Brown doesn't tell us how he calculates the force on the asteroid, for a given (but unknown) gas density. But since his pressure is not exerted uniformly over the asteroid surface and is a difference between the pressures on the warm and cool surfaces (which would actually involve relatively small temperature differences), we can reasonably guess that the total gas pressure must be at least several orders of magnitude greater than the differential calculated above.

Nevertheless, let's be generous and ignore the differential factor, demanding that the gas pressure be only 7.0E-6 atm. How much water is needed to produce an interplanetary cloud of vapor with this pressure?

Brown says the cloud would be a "torus" but doesn't give its assumed dimensions. Favoring Brown, let's assume a relatively small cloud: an annular disk with inner radius at the Earth's orbit and outer radius at the orbit of Mars, and a thickness of a million miles. The volume of the vapor cloud is then 1.6E38 cm3. Since 7.0E-6 atmosphere corresponds to a density of 2.0E14 molecules per cm3, the total number of water molecules is 3.2E52. Since approximately 3.0E22 molecules of water corresponds to one gram, Brown's theory requires 1.0E30 grams of water to be injected into interplanetary orbit. But the mass of the Earth is only 6.0E27 g! The water needs to be over a hundred times as massive as the Earth! Applied to full-sized asteroids, Brown's scenario is utterly unworkable.

Accelerating very small asteroids would be easier.

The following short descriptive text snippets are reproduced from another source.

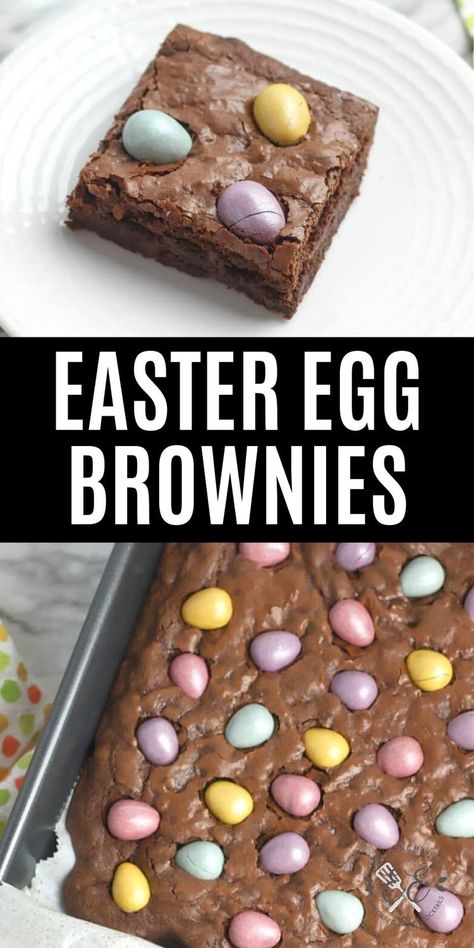 Easter Desserts Recipes Easy For Kids, Brownie Easter Dessert, Easter Chocolate Cake Ideas, Easter Easy Desserts, Easter Egg Brownies, Easter Egg Desserts, Easter Egg Recipes, Easter Baking For Kids, Spring Brownies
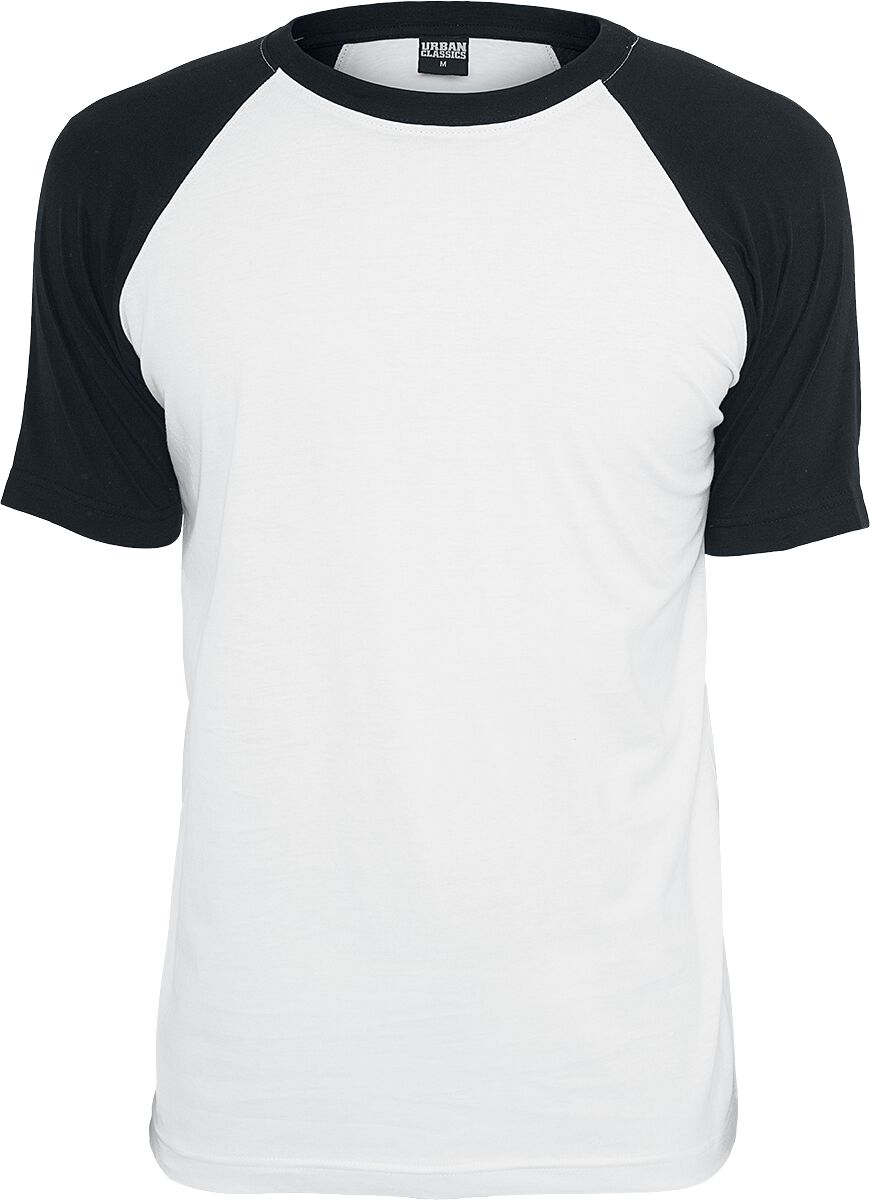 T-Shirt Manches courtes  de Urban Classics - T-Shirt Raglan Contrast - S à XXL - pour Homme - blanc/noir - Urban Classics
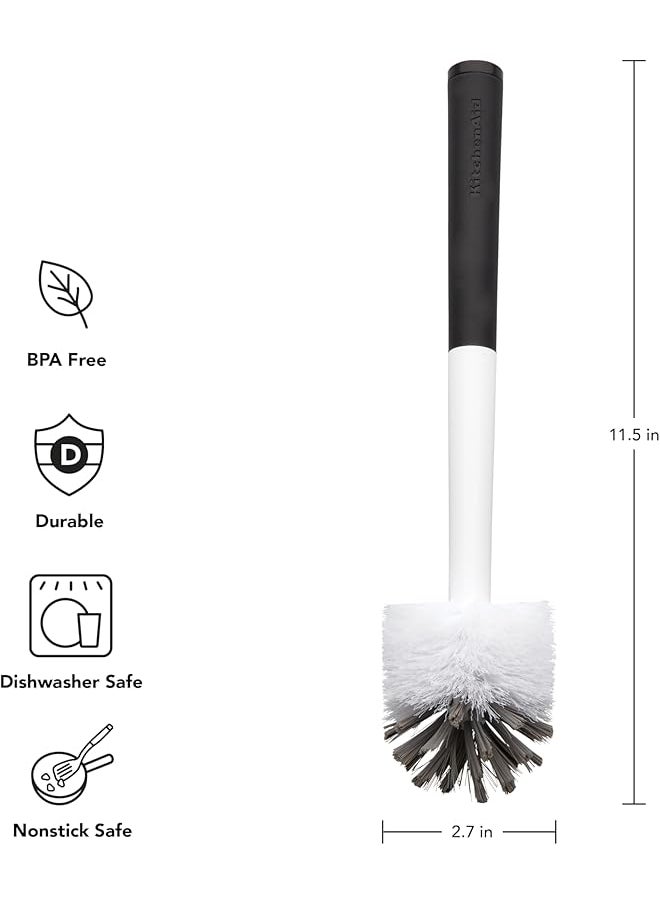 KitchenAid - Narrow Neck Bottle Brush For Travel Mugs Water Bottles Vases And More Non Slip Comfort Grip Handle Black White - Image 1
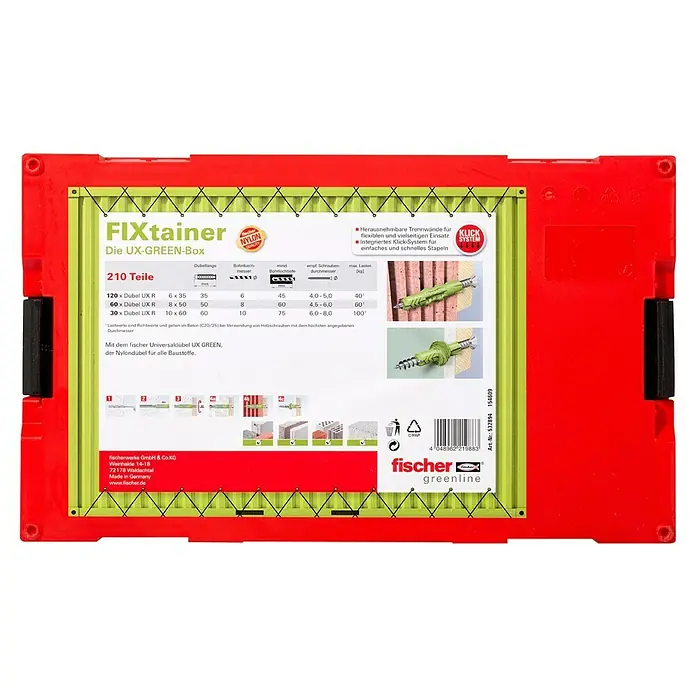 Fischer Greenline Dübelsortiment FIXtainer UX-green-Box - Gesamtumfang: 210 -tlg. - Fischer FIXtainer UX-GREEN-Box mit 210 Dübeln. Die Box bietet herausnehmbare Trennwände und ein integriertes Klick-System zum Stapeln.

However, the particles would have to be bigger than 10 cm or so, because smaller particles would heat all the way through, resulting in little temperature difference between the dark and illuminated sides. Calculations, analogous to those shown above, show that 10-cm particles would require at least 1% of the Earth's mass to have been shot into space in the form of water vapor. This is equivalent to a subterranean layer 120 km thick, much greater than Brown's estimate of less than a mile. But considering the unrealistic assumptions I made that favor Brown's scenario, even in the case of small particles the actual amount of water vapor needed would probably be greater than the Earth's mass.